===== TASK INPUTS

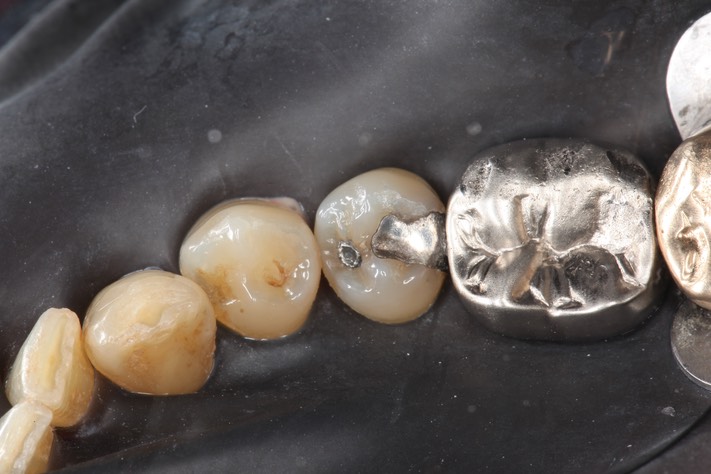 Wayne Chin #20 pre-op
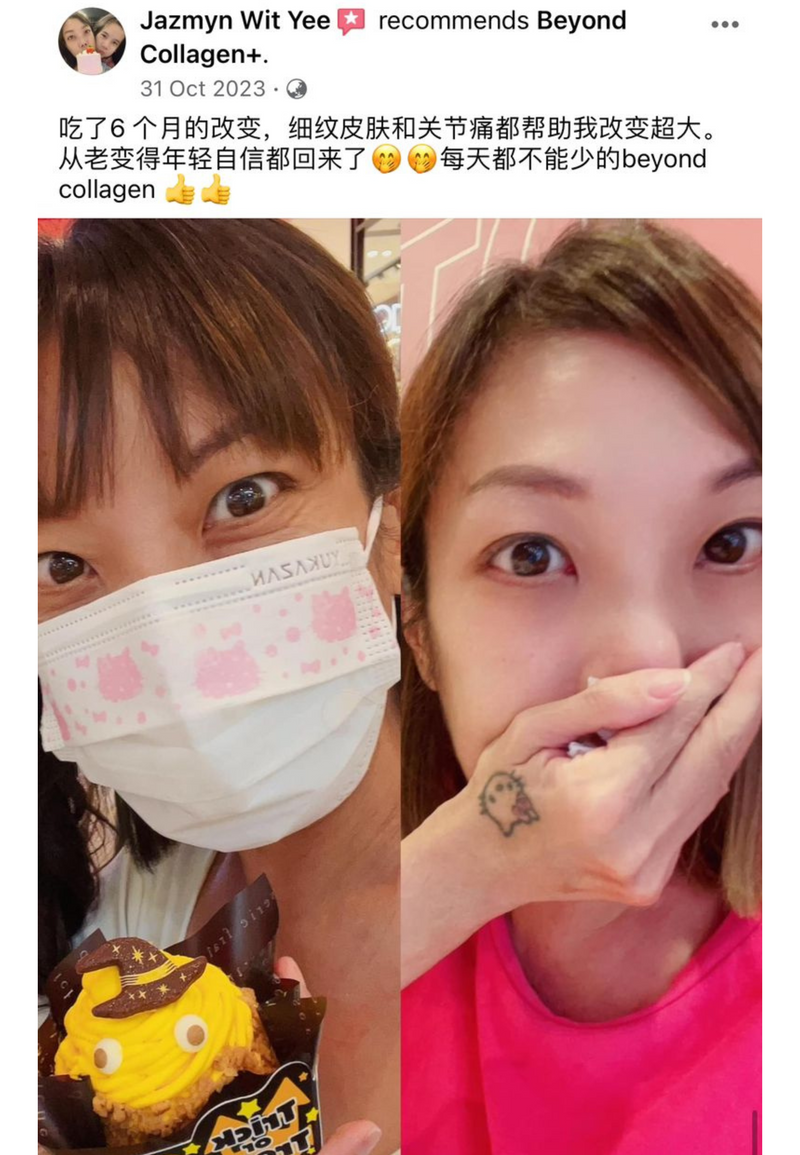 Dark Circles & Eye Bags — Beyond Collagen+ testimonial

==========
===== TASK INPUTS

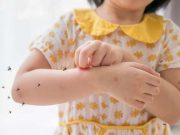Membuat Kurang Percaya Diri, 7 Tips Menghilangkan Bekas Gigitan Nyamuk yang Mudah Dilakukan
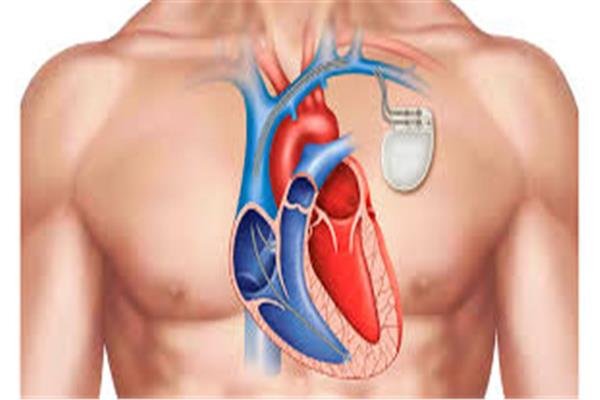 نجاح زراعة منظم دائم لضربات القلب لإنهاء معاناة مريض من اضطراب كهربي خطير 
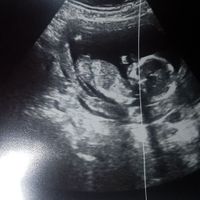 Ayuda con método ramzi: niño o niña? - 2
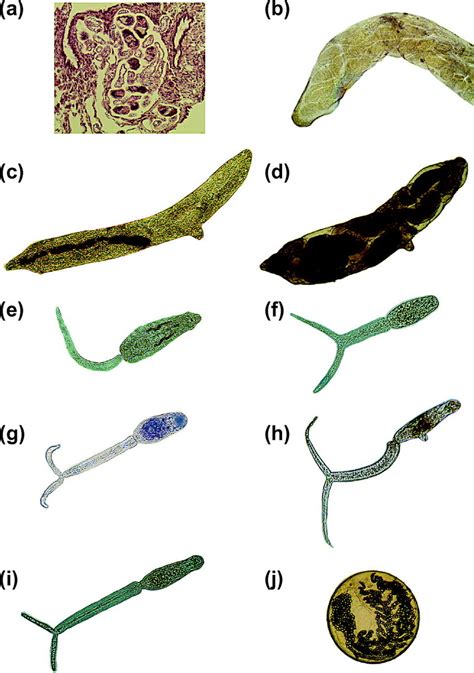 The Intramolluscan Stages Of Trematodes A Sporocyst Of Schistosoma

==========
===== TASK INPUTS

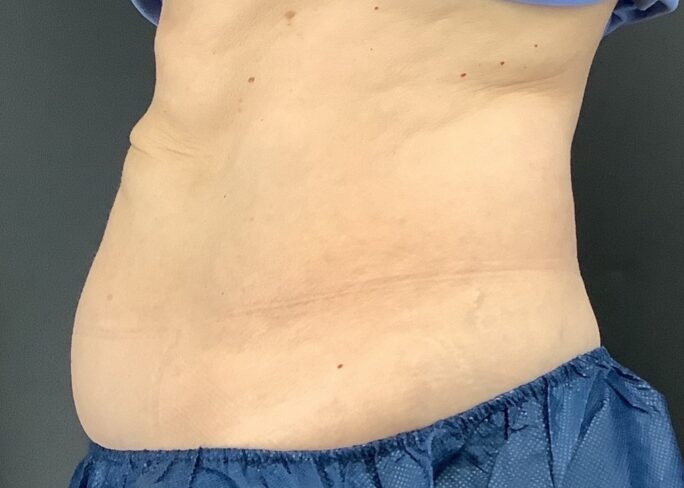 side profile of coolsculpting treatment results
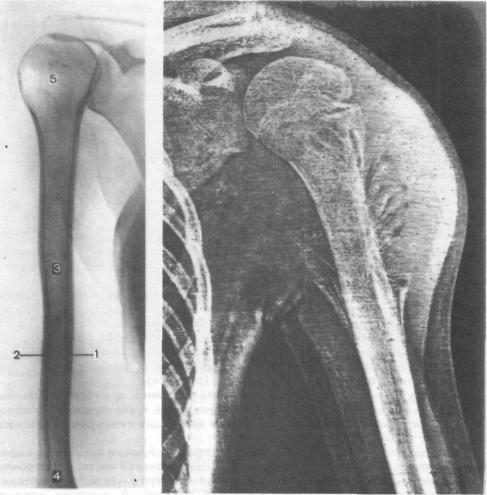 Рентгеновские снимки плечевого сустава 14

==========

> [EXERCISE PROMPT] Beginning with the line holding "side profile of" in the material above, restate word for word each line through the line holding "Рентгеновские снимки плечевого сустава 14", and exclude pictures.

> [RESPONSE TO THIS TASK]
 side profile of coolsculpting treatment results
 Рентгеновские снимки плечевого сустава 14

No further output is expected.